Marriage is not. David Cameron (happily married to the lovely Samantha) has mishandled his summer offensive. He's been desperately seeking something to get his polls up before Gordon hits him with a snap election. Dave wanted something conservative-but-with-a-very-small-c, to fix "our broken society" and siezed on Tax Breaks for Married Couples as likely sounding. Basically, because married couples sort of last longer than unmarried ones, you know? Twelve years is it, before divorcing? Give 'em a bonus.
Alas, it won't fly. Government spokesmen merrily damned tax-breaks for marriage as economically barking, right-wing preaching and an insult to "hard-working families" (code for "unmarried mothers", hiss, boo, you naughty Tory).

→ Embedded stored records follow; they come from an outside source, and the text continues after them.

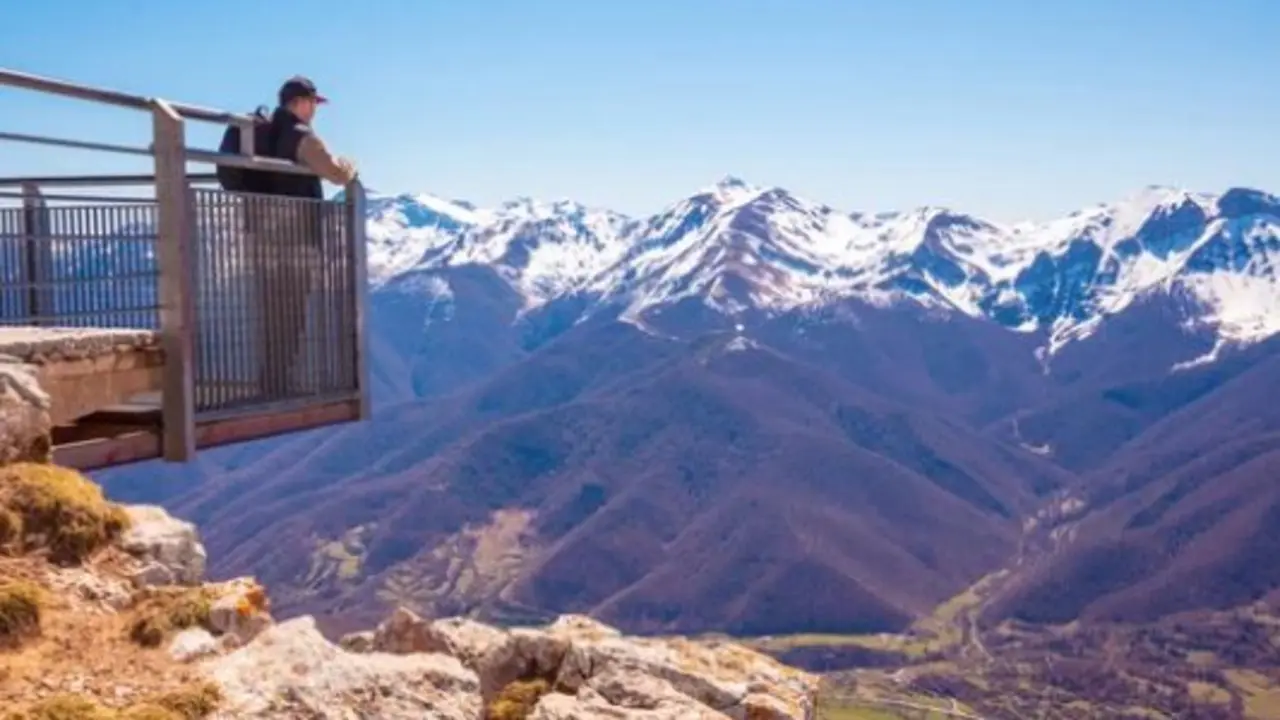 Un turista observando el enclave de los Picos de Europa. / A.S.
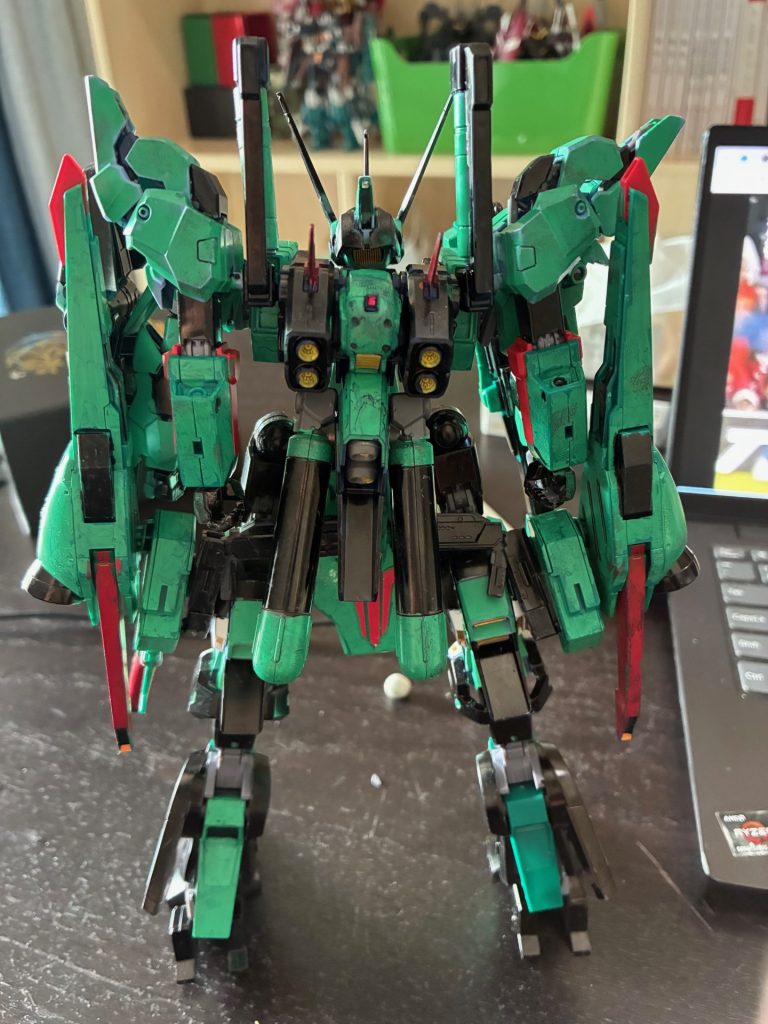 後ろ姿、一箇所塗装忘れてますね(gundam-kao5)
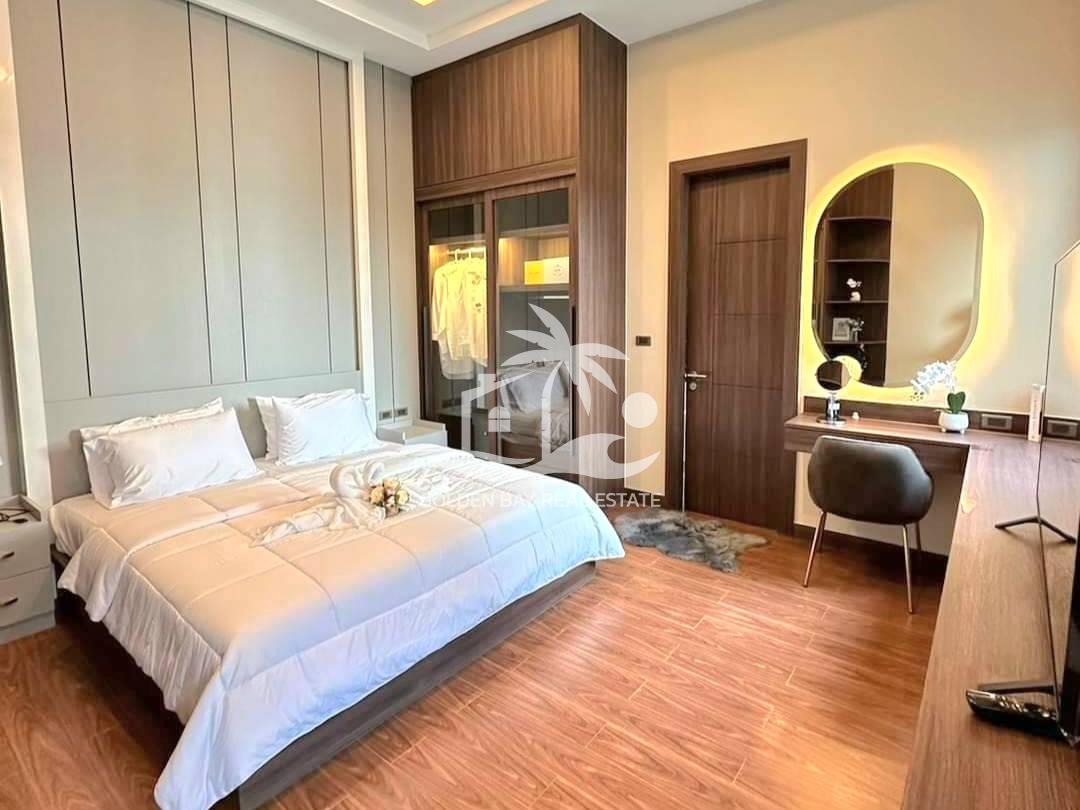 Reservoir Town (Baan Mae 7) – East Pattaya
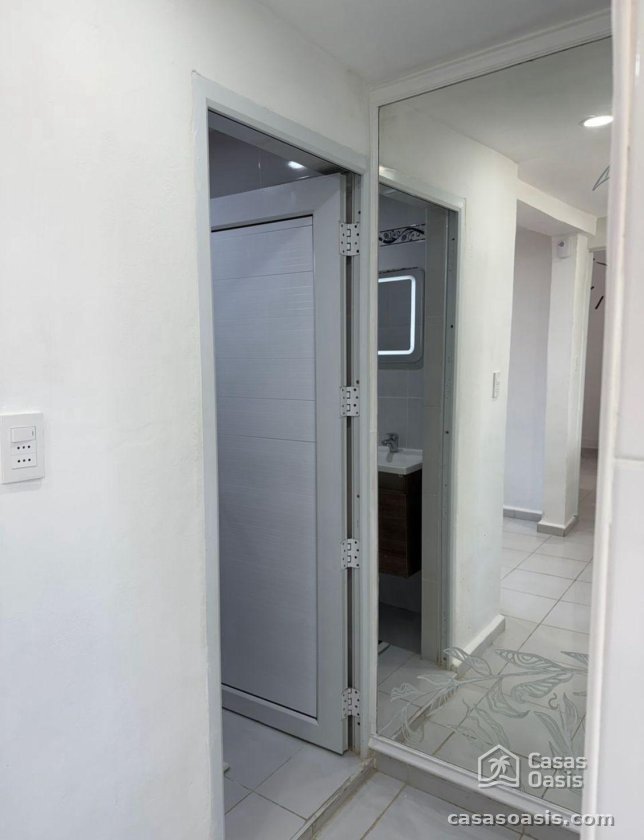Apartment with 4 bedrooms for sale in Centro Habana, La Habana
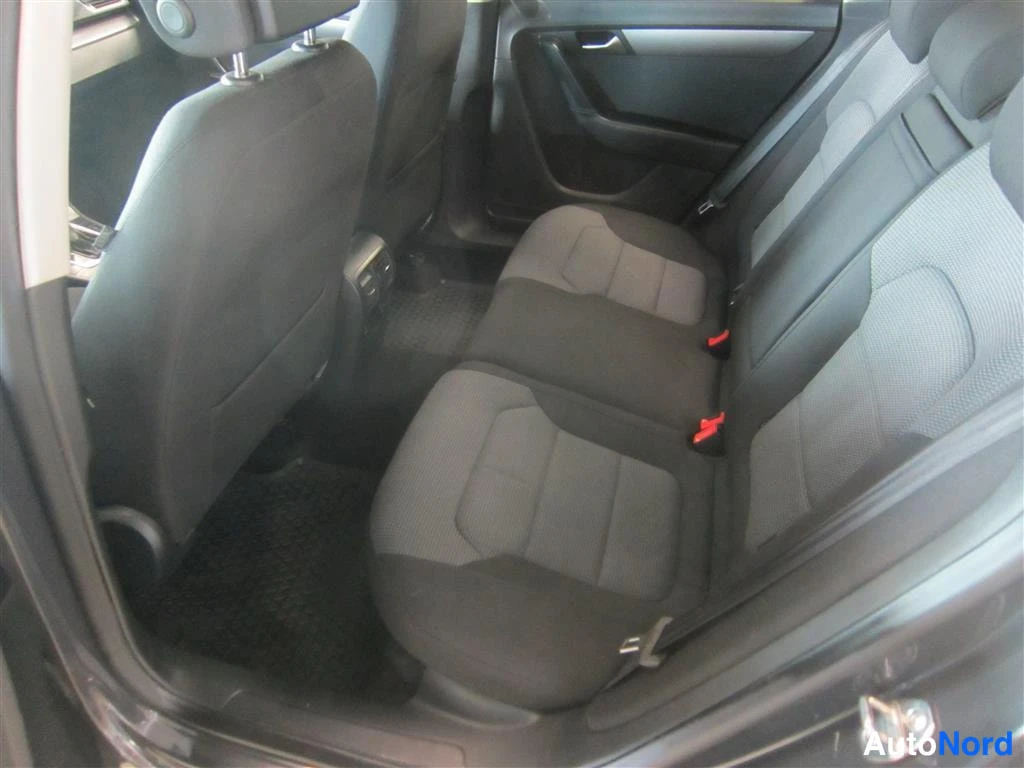 Harmaa Volkswagen Passat 2013, takaistuimet, kuva 12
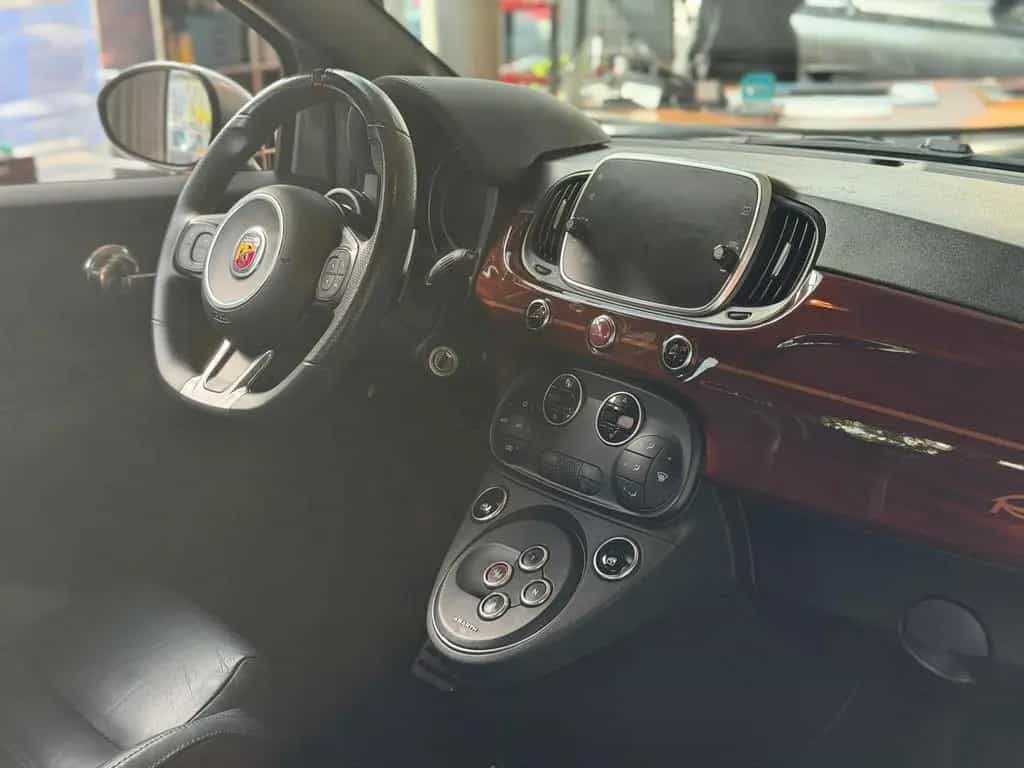 Abarth 695C Rivale  Navi KLIMA Mahagoni Optik  ALU 09/2018-photo-9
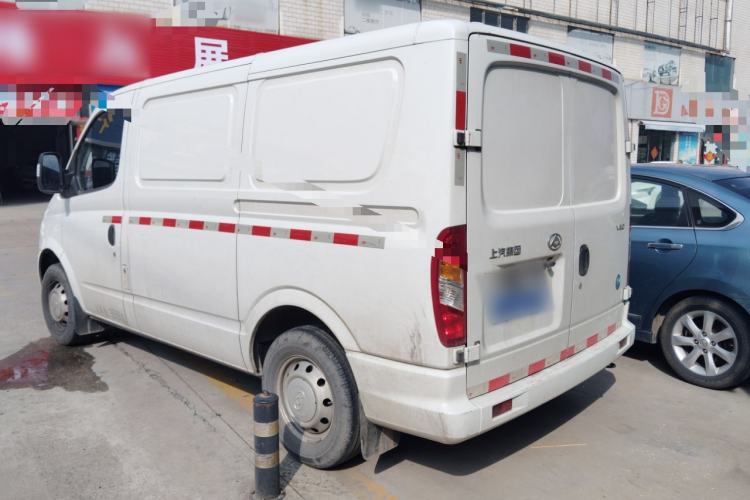 Used SAIC MAXUS Xintu V80 2023 2.0T Manual Classic City Delivery King Short Wheelbase Ultra-Low Roof 3-Seater
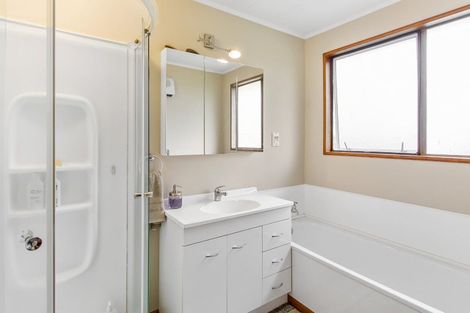 Photo of property in 476 Falvey Road, Levels, Timaru, 7975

It would indeed be an odd way to spend £10bn, but that's not the reason it won't fly. Bringing back tax breaks for married couples wouldn't work as social glue because marriage itself doesn't work any more. The state of matrimony has been nibbled away to nothing over the last 30 years, for good, rational reasons. The Church lost faith in it and governments of all stripes lost interest in it once feminism made it laughable. All that "male head of the household" stuff was ridiculous. If you earn your own wage and keep being told that marriage is "legalised prostitution", and "household slavery" you go off the idea a bit. Also, once the divorce laws were liberalised, divorce stopped being a neat way for men to throw out the old boiler and marry a trophy. These days, 75 per cent of all divorces are prosecuted by women.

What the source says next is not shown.